We want to have queues in which we store URLs to be crawled
to allow for asynchronous submission of new items. This also
allows us to be rate limited and restartable.

This could be an SQLite database, or just a flat text
file if we have a way to store the last position within that text

=head2 SQL-index into filesystem

Is there any use in reviving FFRIndex?

=head1 System integration

Automatically (re)scan resources by using a notification
method like the following to be notified about new or changed

=head2 Resource modification

=head3 Filesystem watchers

=head3 RSS scanner

=head3 Google Sitemap scanner

=head3 Hibiscus importer

This would immediately make all money transactions from Hibiscus
available for searching.

Can Hibiscus directly show a single transaction from the outside?

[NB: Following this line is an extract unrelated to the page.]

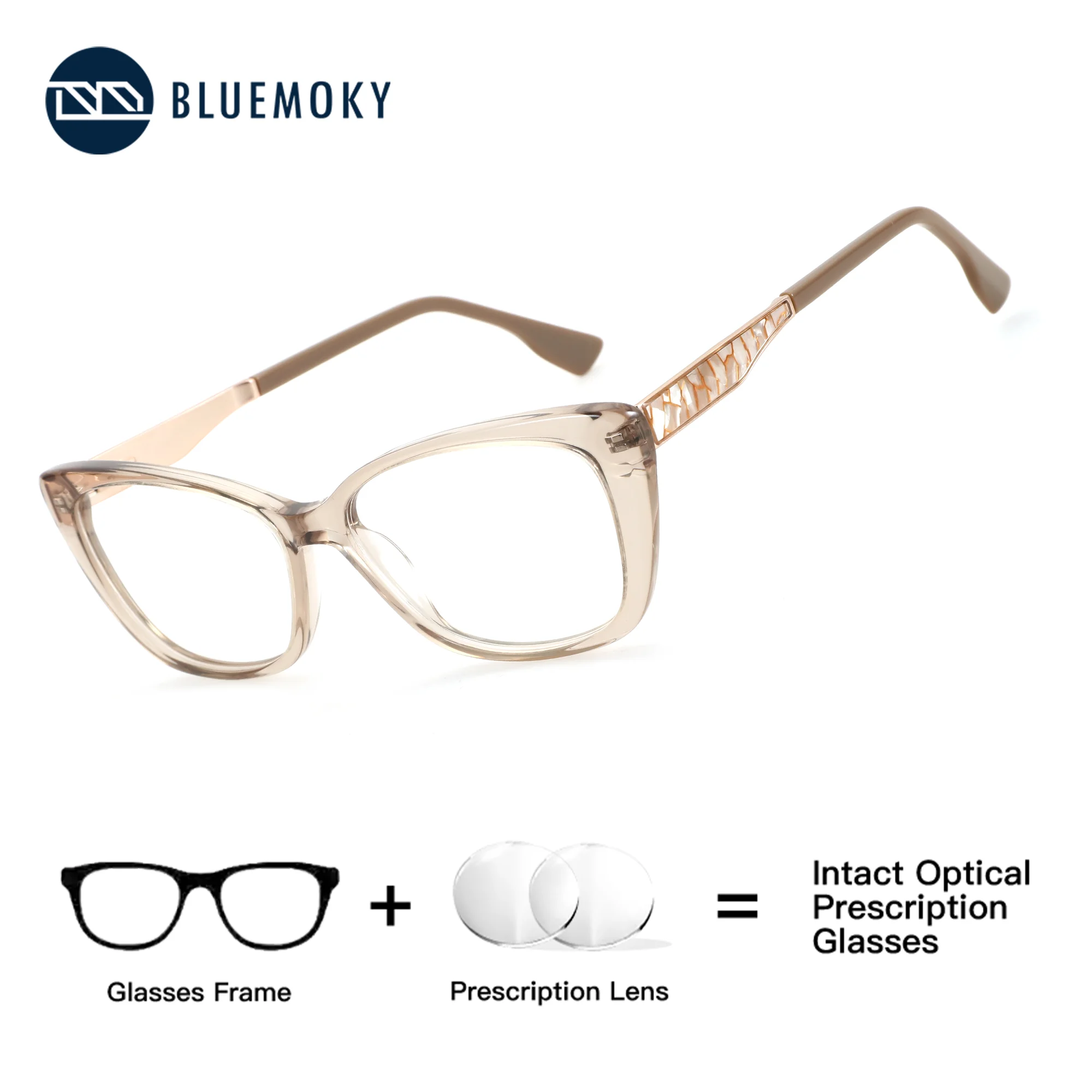 

BLUEMOKY High Aesthetic Acetate Butterfly Prescription Glasses,Women Optical Blue Lenses,Progressive Myopia Photochromic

=head2 Interesting additional datasets

Open movie database L<http://omdbapi.com/> - has dumps available

Discogs data dumps - L<http://data.discogs.com/>

=head2 Automatic search

Automatic search should be triggered for incoming phone calls. This
allows to automatically show relevant emails if the sender is calling
and has their phone information in their email.

Also, the automatic search should be easily triggered by a command
line program. This likely needs something like L<HTTP::ServerEvent>
to keep a channel open so the server can push new information.

=head1 Data portability

Data portability is very important, not at least because of
seamless index upgrades/rollbacks/backups.

=head2 Export

=head3 Export index to DBI

=head3 Update indices from database

=head2 Share indices

Sharing indices would also be nice in the sense of websites or people
offering datasets

=head2 DBI connectivity

How can we get L<DBI> and L<Promises> work nicely together?

=head3 Schema migration/update via DBI

=head3 DBI import queue

New items to be imported into Elasticsearch could be stored/read from
a DBI table. This would allow for a wider distributed set of crawlers
feeding through DBI to Elasticsearch.

=head1 Index/query quality maintenance

To improve search results, a log of "failed" queries
should be kept and the user should be offered manual correction
of the failed queries.

=head2 top 10 failed queries

If a query had no results at all, the user should/could suggest
some synonyms or even documents to use instead

=head2 top 10 low-score queries

If a query had only low-score results/documents, the results are also
a candidate for manual improvement. How can we determine a low score?

=head2 top 10 abandoned queries

How will we determine if a query/word was abandoned?

=head2 Keep track of clickthrough

We should keep (server-side) track of click-throughs
to actually find out which files/documents are viewed and
rank those higher

Also, we should have a "unrank this" link to give the user
a way to make the engine forget misclicked "ranked" items
easily from the results.